### Goal of the exercise
Below is a set of records, and all of them should be retyped exactly, minus the pictures.

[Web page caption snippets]
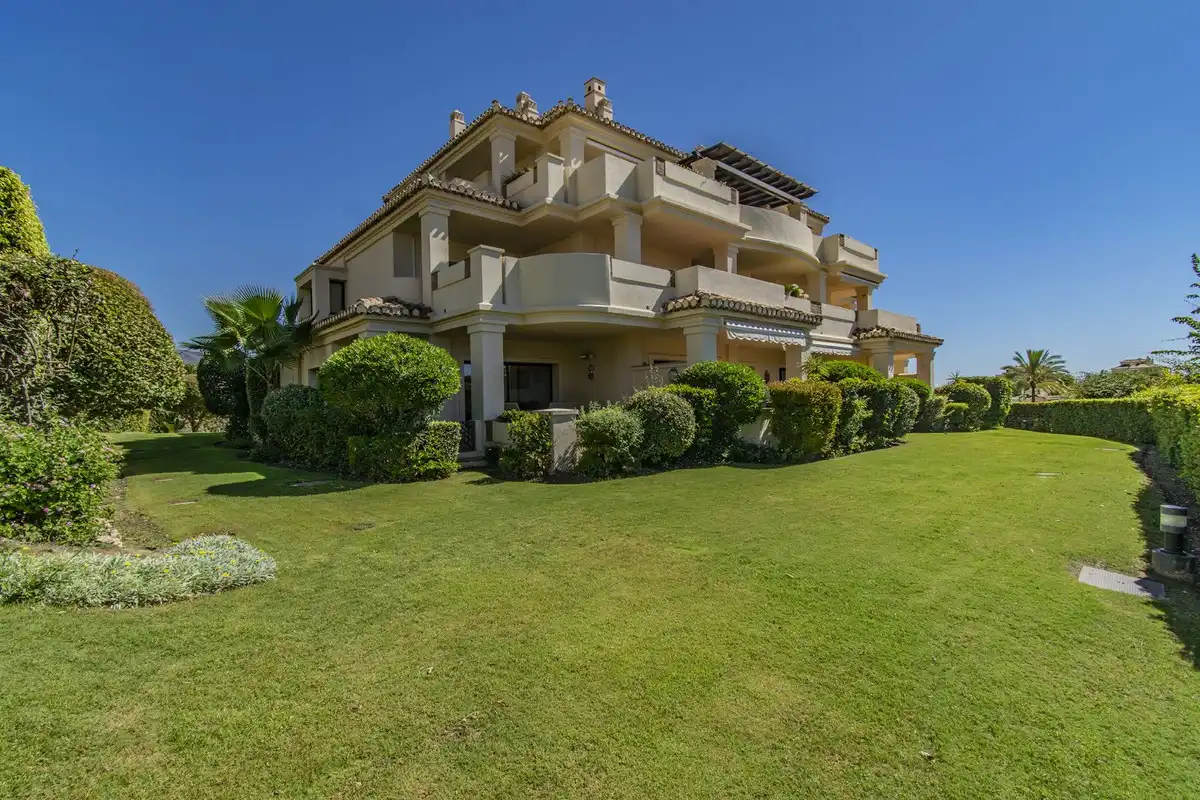 Vista exterior de Apartament en venda en Benahavís amb Aire condicionat, Jardí privat i Moblat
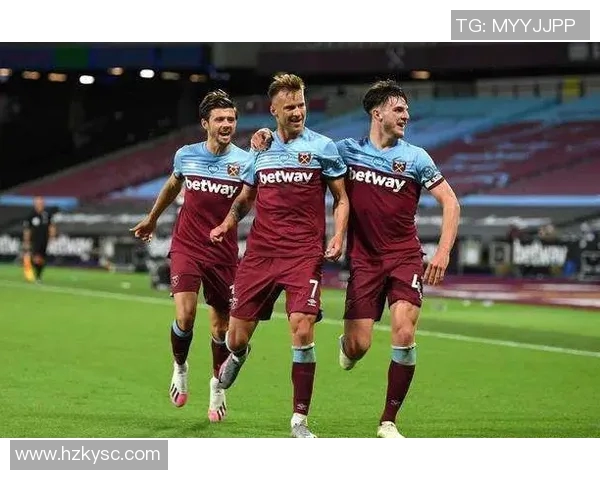 南安普顿主场迎战西布罗英超对决引发球迷热议与期待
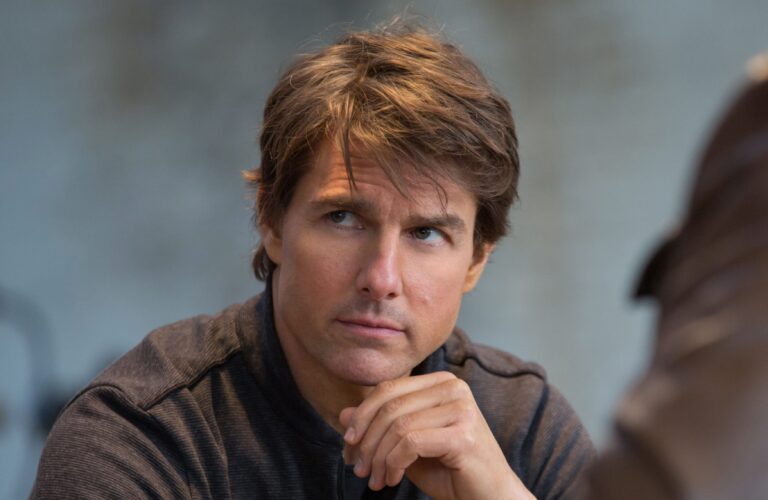 Oficial! Tom Cruise tocmai a semnat cu Warner Bros!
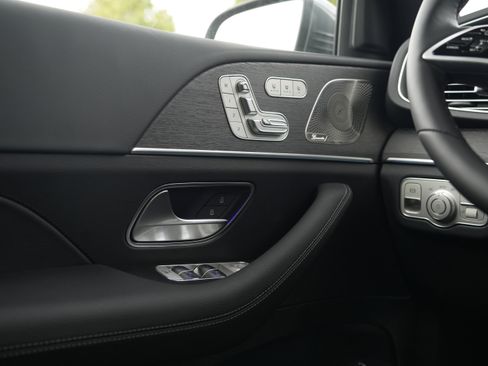 New 2026 Mercedes-Benz GLE 450e 4MATIC image 23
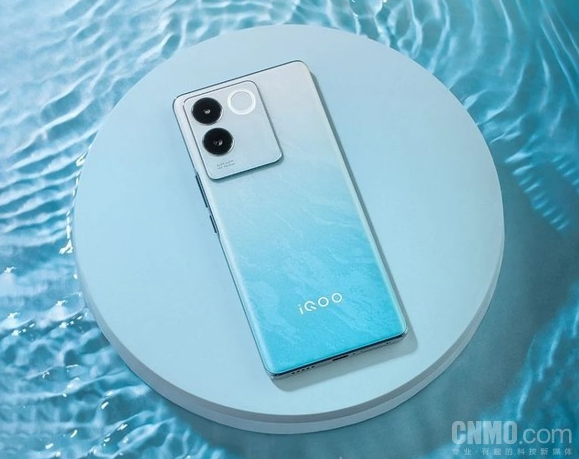 iQOO Z7 Pro 5G揭秘:双摄+AMOLED 全面升级体验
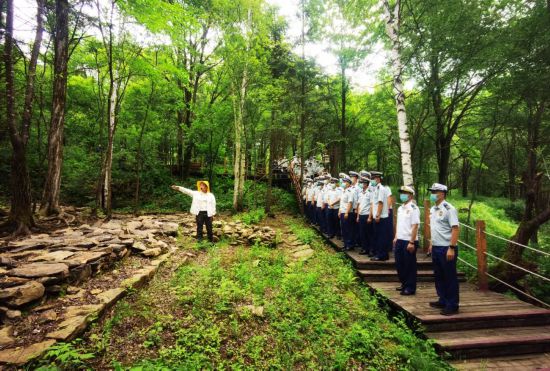 白山市森林消防支隊長白山池南區大隊前往長白山老黑河遺址開展&ldquo;走好第一方陣 我為二十大作貢獻&rdquo;主題黨日活動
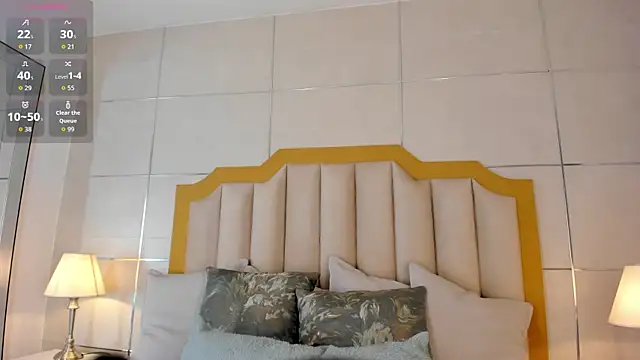 MaddieParker online show from October 18, 2025, 7:49 pm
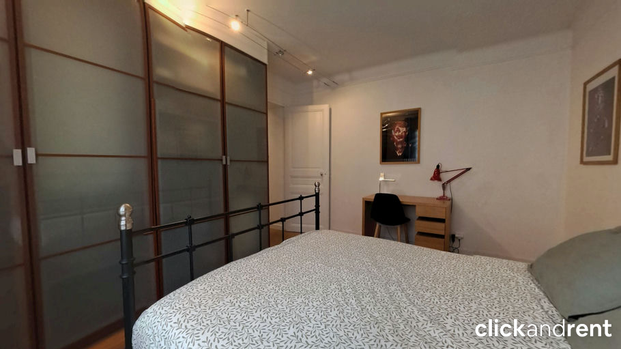Appartement lumineux meublé avec coin cuisine et cave – Paris centre - Photo 1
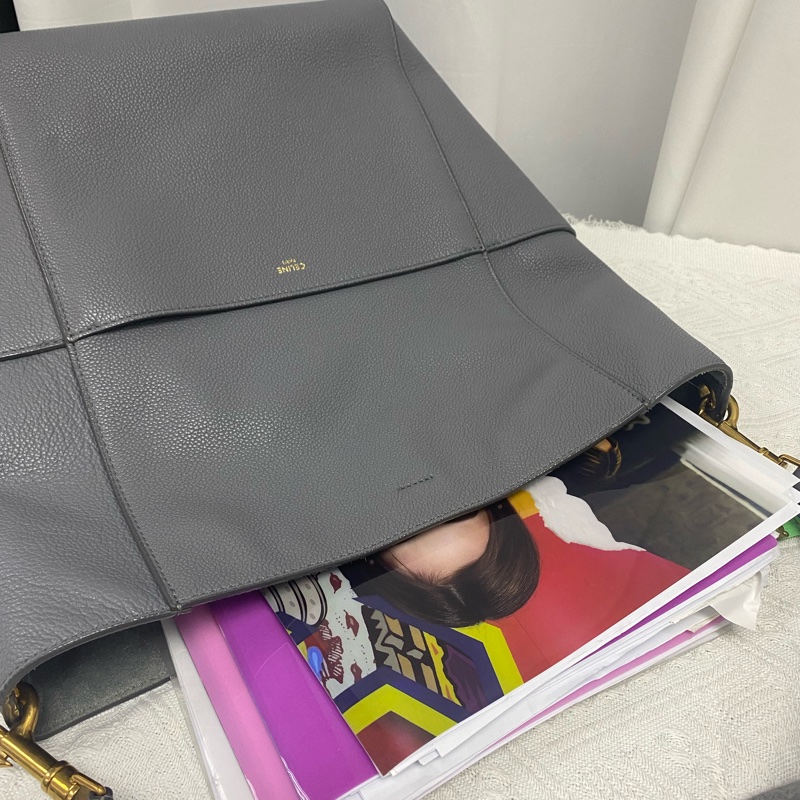 Celine SANGLE BUCKET牛皮革柔軟粒面桶包-6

### Response to this task
 Vista exterior de Apartament en venda en Benahavís amb Aire condicionat, Jardí privat i Moblat
 南安普顿主场迎战西布罗英超对决引发球迷热议与期待
 Oficial! Tom Cruise tocmai a semnat cu Warner Bros!
 New 2026 Mercedes-Benz GLE 450e 4MATIC image 23
 iQOO Z7 Pro 5G揭秘:双摄+AMOLED 全面升级体验
 白山市森林消防支隊長白山池南區大隊前往長白山老黑河遺址開展&ldquo;走好第一方陣 我為二十大作貢獻&rdquo;主題黨日活動
 MaddieParker online show from October 18, 2025, 7:49 pm
Appartement lumineux meublé avec coin cuisine et cave – Paris centre - Photo 1
 Celine SANGLE BUCKET牛皮革柔軟粒面桶包-6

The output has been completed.